BEGIN PROVIDED RECORDS
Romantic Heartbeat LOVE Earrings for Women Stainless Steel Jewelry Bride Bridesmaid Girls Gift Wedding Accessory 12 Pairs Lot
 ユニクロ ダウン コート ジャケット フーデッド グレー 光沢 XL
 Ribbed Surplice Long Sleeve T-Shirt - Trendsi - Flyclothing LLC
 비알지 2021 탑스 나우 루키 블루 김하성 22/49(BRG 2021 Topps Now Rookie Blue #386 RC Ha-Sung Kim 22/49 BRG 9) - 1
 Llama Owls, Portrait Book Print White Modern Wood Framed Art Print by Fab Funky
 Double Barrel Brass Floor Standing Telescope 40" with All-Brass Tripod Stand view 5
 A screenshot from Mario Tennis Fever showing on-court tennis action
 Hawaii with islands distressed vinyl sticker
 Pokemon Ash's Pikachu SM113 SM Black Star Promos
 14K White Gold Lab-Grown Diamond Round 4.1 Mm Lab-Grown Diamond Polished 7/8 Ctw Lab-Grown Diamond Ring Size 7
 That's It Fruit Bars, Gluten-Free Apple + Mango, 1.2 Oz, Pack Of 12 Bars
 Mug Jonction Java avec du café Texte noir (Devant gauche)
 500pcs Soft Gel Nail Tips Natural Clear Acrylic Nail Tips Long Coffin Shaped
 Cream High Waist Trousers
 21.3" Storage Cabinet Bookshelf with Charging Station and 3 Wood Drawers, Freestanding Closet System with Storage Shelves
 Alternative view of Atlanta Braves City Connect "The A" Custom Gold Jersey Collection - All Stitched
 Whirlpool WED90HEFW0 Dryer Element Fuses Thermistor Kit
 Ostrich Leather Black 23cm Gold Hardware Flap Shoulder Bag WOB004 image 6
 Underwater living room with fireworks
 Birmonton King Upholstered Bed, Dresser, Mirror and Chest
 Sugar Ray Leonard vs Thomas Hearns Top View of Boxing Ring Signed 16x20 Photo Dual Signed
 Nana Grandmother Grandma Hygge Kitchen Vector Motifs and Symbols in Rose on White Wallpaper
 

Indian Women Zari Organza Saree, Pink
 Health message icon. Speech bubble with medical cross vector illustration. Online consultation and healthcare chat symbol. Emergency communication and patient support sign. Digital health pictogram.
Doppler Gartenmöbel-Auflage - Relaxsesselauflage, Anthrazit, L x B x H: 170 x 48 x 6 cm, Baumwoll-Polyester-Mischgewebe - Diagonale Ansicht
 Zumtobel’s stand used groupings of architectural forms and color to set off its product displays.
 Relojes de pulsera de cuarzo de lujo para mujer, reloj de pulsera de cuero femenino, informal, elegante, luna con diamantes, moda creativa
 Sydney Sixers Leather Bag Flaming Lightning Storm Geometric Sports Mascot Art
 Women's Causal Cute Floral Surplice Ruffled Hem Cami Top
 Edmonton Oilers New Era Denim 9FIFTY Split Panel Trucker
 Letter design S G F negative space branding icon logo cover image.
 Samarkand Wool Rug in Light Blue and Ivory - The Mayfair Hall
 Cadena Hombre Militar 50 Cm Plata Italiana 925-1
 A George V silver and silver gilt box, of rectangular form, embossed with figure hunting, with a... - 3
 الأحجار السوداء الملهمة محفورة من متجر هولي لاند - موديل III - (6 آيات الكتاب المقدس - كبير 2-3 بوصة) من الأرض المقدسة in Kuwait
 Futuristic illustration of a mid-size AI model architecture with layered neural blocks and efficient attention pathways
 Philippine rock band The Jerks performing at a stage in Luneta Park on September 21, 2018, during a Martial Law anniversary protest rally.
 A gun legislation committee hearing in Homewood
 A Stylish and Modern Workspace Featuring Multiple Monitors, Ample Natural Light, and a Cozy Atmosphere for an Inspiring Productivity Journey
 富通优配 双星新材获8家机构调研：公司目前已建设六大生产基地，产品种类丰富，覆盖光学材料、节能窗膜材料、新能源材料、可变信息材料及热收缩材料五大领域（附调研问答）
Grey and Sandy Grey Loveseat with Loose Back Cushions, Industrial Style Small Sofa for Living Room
END PROVIDED RECORDS
**WHAT YOU SHOULD DO:** Each record above should be reproduced in full, exactly as it stands.

**ANSWER:**
Romantic Heartbeat LOVE Earrings for Women Stainless Steel Jewelry Bride Bridesmaid Girls Gift Wedding Accessory 12 Pairs Lot
 ユニクロ ダウン コート ジャケット フーデッド グレー 光沢 XL
 Ribbed Surplice Long Sleeve T-Shirt - Trendsi - Flyclothing LLC
 비알지 2021 탑스 나우 루키 블루 김하성 22/49(BRG 2021 Topps Now Rookie Blue #386 RC Ha-Sung Kim 22/49 BRG 9) - 1
 Llama Owls, Portrait Book Print White Modern Wood Framed Art Print by Fab Funky
 Double Barrel Brass Floor Standing Telescope 40" with All-Brass Tripod Stand view 5
 A screenshot from Mario Tennis Fever showing on-court tennis action
 Hawaii with islands distressed vinyl sticker
 Pokemon Ash's Pikachu SM113 SM Black Star Promos
 14K White Gold Lab-Grown Diamond Round 4.1 Mm Lab-Grown Diamond Polished 7/8 Ctw Lab-Grown Diamond Ring Size 7
 That's It Fruit Bars, Gluten-Free Apple + Mango, 1.2 Oz, Pack Of 12 Bars
 Mug Jonction Java avec du café Texte noir (Devant gauche)
 500pcs Soft Gel Nail Tips Natural Clear Acrylic Nail Tips Long Coffin Shaped
 Cream High Waist Trousers
 21.3" Storage Cabinet Bookshelf with Charging Station and 3 Wood Drawers, Freestanding Closet System with Storage Shelves
 Alternative view of Atlanta Braves City Connect "The A" Custom Gold Jersey Collection - All Stitched
 Whirlpool WED90HEFW0 Dryer Element Fuses Thermistor Kit
 Ostrich Leather Black 23cm Gold Hardware Flap Shoulder Bag WOB004 image 6
 Underwater living room with fireworks
 Birmonton King Upholstered Bed, Dresser, Mirror and Chest
 Sugar Ray Leonard vs Thomas Hearns Top View of Boxing Ring Signed 16x20 Photo Dual Signed
 Nana Grandmother Grandma Hygge Kitchen Vector Motifs and Symbols in Rose on White Wallpaper
 

Indian Women Zari Organza Saree, Pink
 Health message icon. Speech bubble with medical cross vector illustration. Online consultation and healthcare chat symbol. Emergency communication and patient support sign. Digital health pictogram.
Doppler Gartenmöbel-Auflage - Relaxsesselauflage, Anthrazit, L x B x H: 170 x 48 x 6 cm, Baumwoll-Polyester-Mischgewebe - Diagonale Ansicht
 Zumtobel’s stand used groupings of architectural forms and color to set off its product displays.
 Relojes de pulsera de cuarzo de lujo para mujer, reloj de pulsera de cuero femenino, informal, elegante, luna con diamantes, moda creativa
 Sydney Sixers Leather Bag Flaming Lightning Storm Geometric Sports Mascot Art
 Women's Causal Cute Floral Surplice Ruffled Hem Cami Top
 Edmonton Oilers New Era Denim 9FIFTY Split Panel Trucker
 Letter design S G F negative space branding icon logo cover image.
 Samarkand Wool Rug in Light Blue and Ivory - The Mayfair Hall
 Cadena Hombre Militar 50 Cm Plata Italiana 925-1
 A George V silver and silver gilt box, of rectangular form, embossed with figure hunting, with a... - 3
 الأحجار السوداء الملهمة محفورة من متجر هولي لاند - موديل III - (6 آيات الكتاب المقدس - كبير 2-3 بوصة) من الأرض المقدسة in Kuwait
 Futuristic illustration of a mid-size AI model architecture with layered neural blocks and efficient attention pathways
 Philippine rock band The Jerks performing at a stage in Luneta Park on September 21, 2018, during a Martial Law anniversary protest rally.
 A gun legislation committee hearing in Homewood
 A Stylish and Modern Workspace Featuring Multiple Monitors, Ample Natural Light, and a Cozy Atmosphere for an Inspiring Productivity Journey
 富通优配 双星新材获8家机构调研：公司目前已建设六大生产基地，产品种类丰富，覆盖光学材料、节能窗膜材料、新能源材料、可变信息材料及热收缩材料五大领域（附调研问答）
Grey and Sandy Grey Loveseat with Loose Back Cushions, Industrial Style Small Sofa for Living Room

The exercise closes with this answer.